Columna de Antonio Díaz Araujo: Ciudadano empoderado versus inversionistas

 

Como sociedad hemos evolucionado, para algunos poco, para otros demasiado. Cada uno es libre de elegir en esta regla el valor que le acomoda. Lo que es indiscutible es que se ha instalado tendencia, yo la llamo: el fenómeno del ciudadano empoderado. Es una corriente que impulsa comunidades en base a objetivos muy básicos o esenciales que buscan que su reclamo o bandera, que juzgan importante, reciba el reconocimiento adecuado en la arena política y pública. Mi primer encuentro con este tipo de organización fue en 2003 cuando un grupo de vecinos del Lago Tahoe, en Estados Unidos, inició una batalla legal por el aumento de contribuciones que consideraban injustas. Un juicio que duró décadas y terminó por favorecer a los propietarios. La composición de la gente que inició la batalla legal era de jubilados, altamente calificados, ya fuera del sector laboral, que contaban con todo el tiempo del mundo para litigar contra el Estado.

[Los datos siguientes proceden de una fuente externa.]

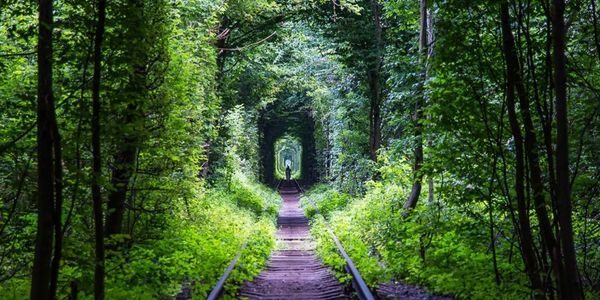 Take the journey and discover something new.
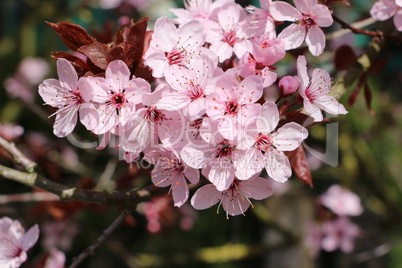 Frühlingserwchen im Garten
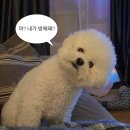 등갈비꾼 - 통영시 무전6길 48 | 등갈비꾼
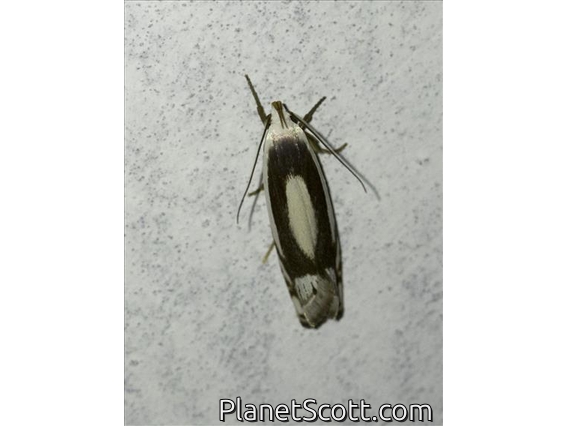 Curved-horn Moth (Gelechioidea sp)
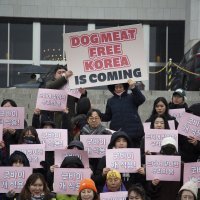 Prosvjedi protiv konzumacije psećeg mesa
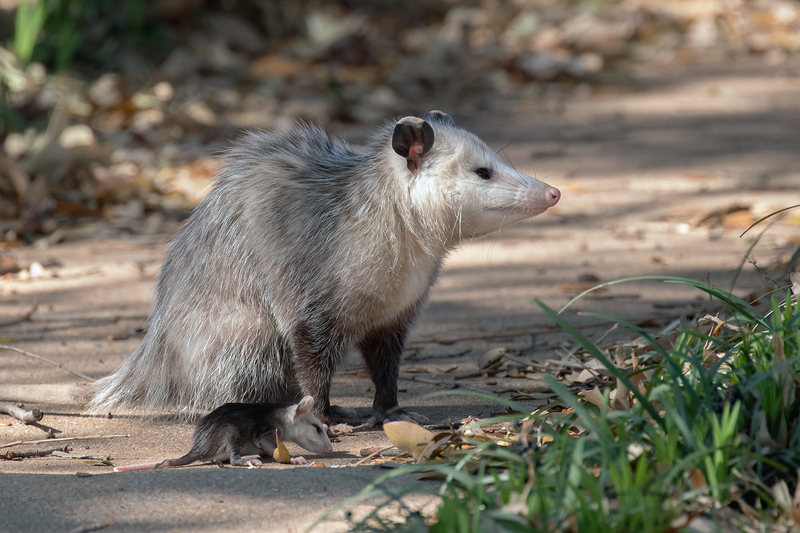 possum_1174-64(1).jpg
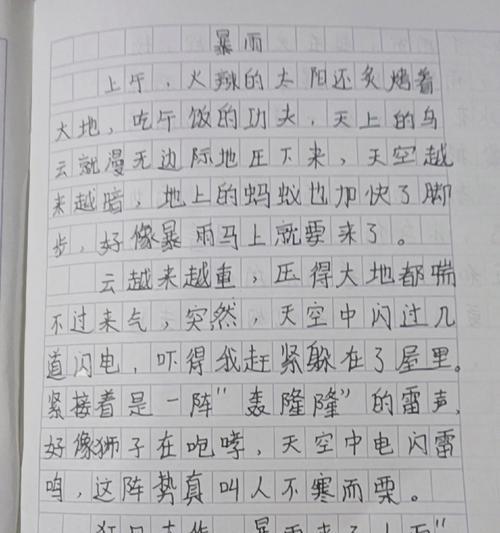 雨中绽放的勇气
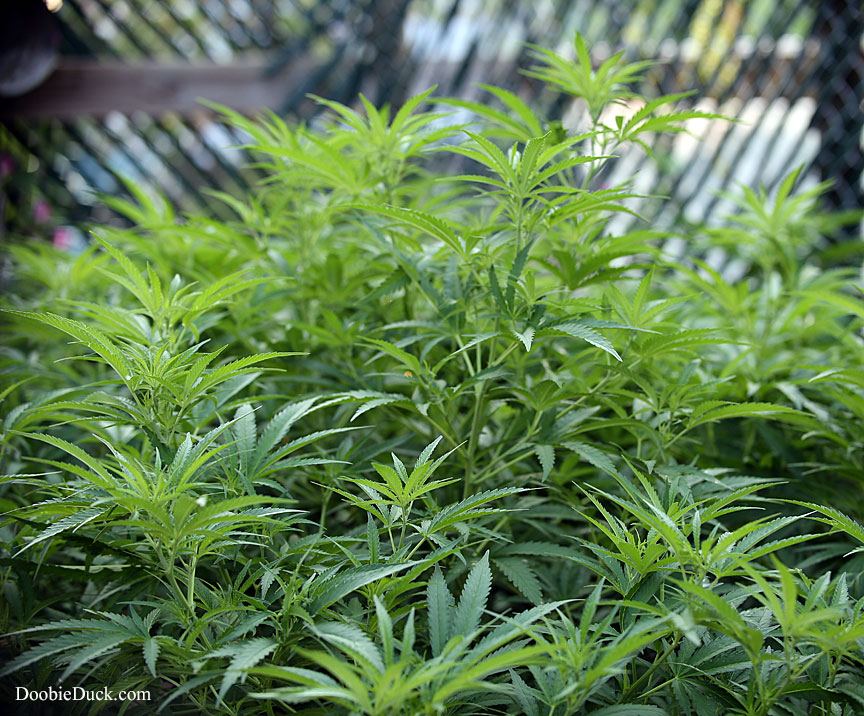 Doobieduck summer 2017 grow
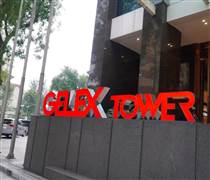 GEX: Mẹ của Tổng giám đốc Gelex đăng kí mua 12 triệu cổ phiếu GEX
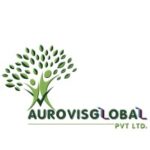 AUROVISGLOBAL PRIVATE LIMITED — IT Intern (Remote)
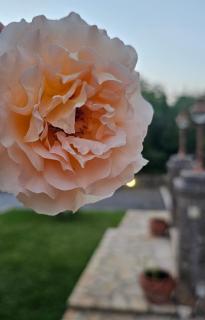 Filia Stone Villa - 5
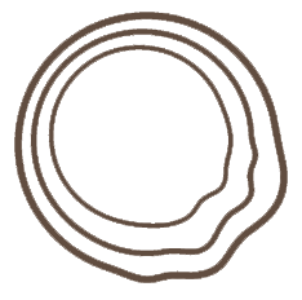 50_REF_STRAN_Logo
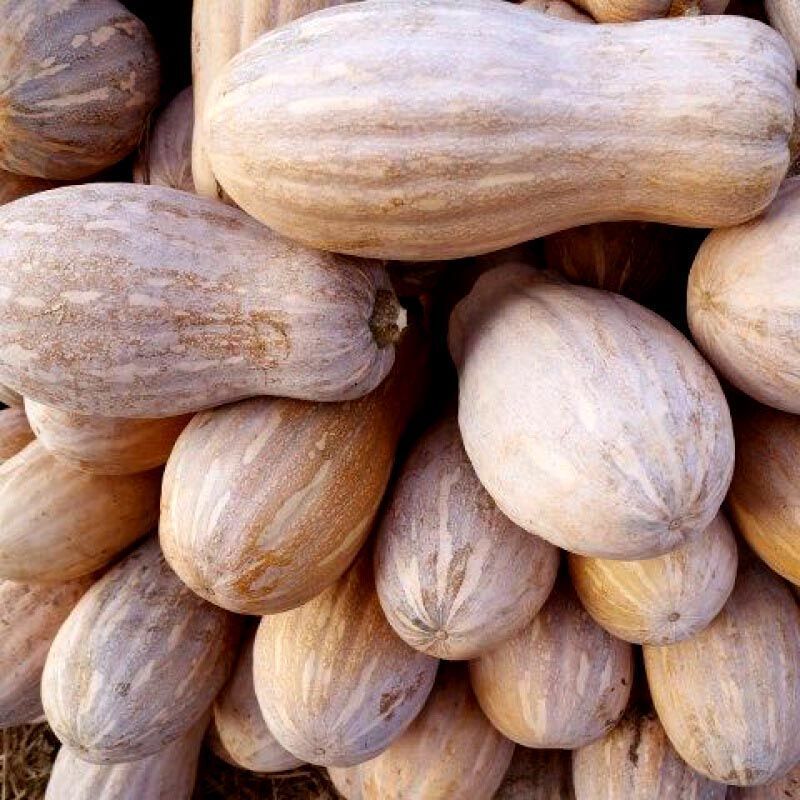 蜂蜜南瓜种子早熟大果蜜本南瓜粉糯甜蜜品质上乘口感优良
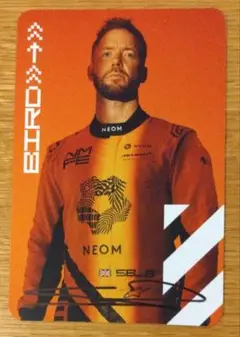 F1 STR9 2014 ジャンエリックベルニュー直筆サイン入り Yahoo!オークション - ジャン・エリック・ベルニュ サイン入り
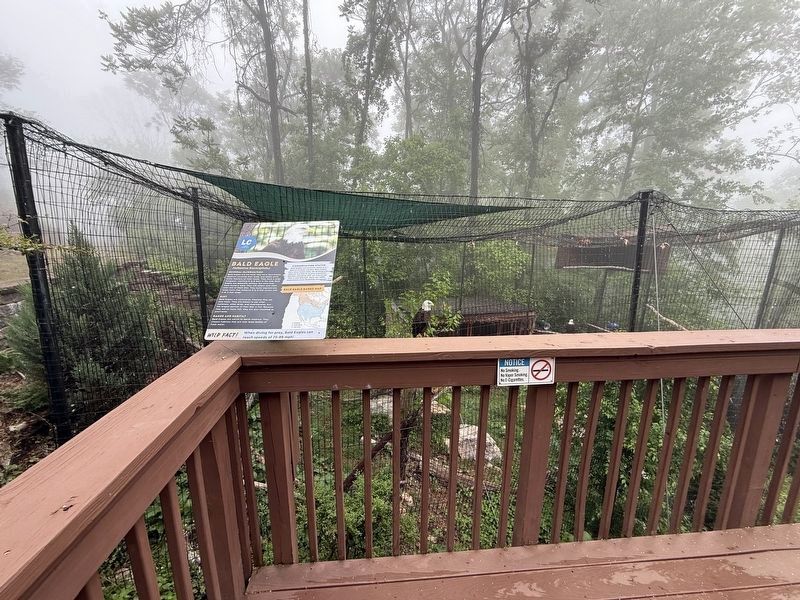 Bald Eagle Exhibit image. Click for full size.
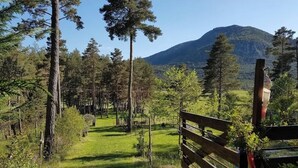 A forested area with a mountain in the background. - Les insolites de la bastide (La Bastide)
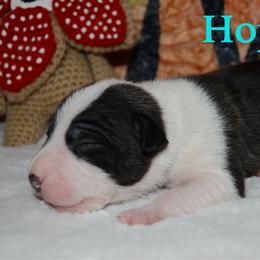 Hopper - male Alapaha Blue Blood Bulldog puppy in Walbridge, Ohio from United Alapaha Bulldogs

En Chile no es la excepción, y estos hechos se han ido acrecentando con los años. Desde “No más Alto Maipo”, Freirina, “Patagonia Libre de Represas” y un sin número de organizaciones se han enfrentado a mineras, inmobiliarias y municipios. Sin ir más lejos, en la zona donde está ubicada nuestra oficina, Ñuñoa, se acaba de paralizar un gigantesco proyecto inmobiliario luego que la Comisión de Evaluación Ambiental de la Región Metropolitana decidiera paralizar la obra denominada Egaña Comunidad Sustentable. La presión para detener esta gran inversión vino conforme a denuncias de la Unión Comunal de Juntas de Vecinos de la comuna.

Este tránsito nacional hacia una sociedad digitalizada, cada vez más educada y empoderada es algo positivo que se ubica hoy como un componente clave a la hora de evaluar previamente cualquier proyecto de inversión. Hoy es parte de los cimientos de cualquier plan que implique inversión, integrar las cuestiones sociales en los proyectos de desarrollo, lo que los técnicos llaman la evaluación del impacto social.

Esto no es nuevo, pero por así decirlo, su poder de fuego y audiencia han crecido ya que tienen más educación, más formas de conectarse, organizarse y mayor acceso a herramientas como solicitudes de transparencia. 

El camino del inversionista hoy más que nunca tiene que considerar los problemas sociales en la planificación e implementación de proyectos. El evaluar el impacto social mejora su calidad y sostenibilidad, apoya y fortalece requerimientos nacionales y locales, y mejora tanto la aceptación como la apropiación local del proyecto. El considerarlos, ayuda a identificar y gestionar los potenciales impactos sociales adversos que un proyecto puede causar o a los que puede contribuir, así como a maximizar los beneficios para las comunidades locales y otros grupos de la inversión. Volviendo al proyecto paralizado en la plaza Egaña, los vecinos denuncian no haber sido notificados de un megaproyecto que afectaba gravemente la falta de luz natural por el emplazamiento de grandes moles de concreto.

En una ciudad que crece y se densifica a velocidad del rayo, se requieren miles de roles de propiedad. Las inmobiliarias cuentan con muchos de esos terrenos, la pregunta es qué podrán construir o desarrollar ahí. Ya, al parecer, no solo importa lo que dice el plan regulador o las áreas homogéneas, sino también lo que piensan y cómo les afecta a los vecinos empoderados que impactará esa inversión.

El trabajo de saber quiénes son, qué opinan y establecer una relación con ellos parece ser parte de un trabajo que, si bien antes podía ser opcional, hoy es parte de la hoja de ruta crítica de cualquier inversionista: escuchar, entender y mantener una relación fluida y sincera con esta audiencia es parte esencial de la conexión con la comunidad. Y la tecnología no puede ser omitida como una gran aliada para lograr ese objetivo. 

Hoy no solo se pone cuesta arriba para futuros propietarios de la urbe, las tasas de interés, sino que también la factibilidad de que esos proyectos puedan llevarse a cabo en las comunidades donde se van a instalar. El papel de la sociedad civil y su rol fiscalizador –que tienen como derecho todos los ciudadanos–, debiera subir los estándares de los proyectos que se aprueban. Esta forma de interactuar con el entorno, hasta hace poco etiquetada como “de activistas”, hoy migra a ciudadanos de a pie que se sienten afectados y se empoderan en el uso del aparato estatal. Eso implica un cambio rotundo en la industria, sea cual sea, en pos de crear proyectos sostenibles tanto ambientalmente como socialmente para así promover relaciones sanas entre las empresas inversoras y la comunidad. Este sí es un cambio de paradigma para Chile.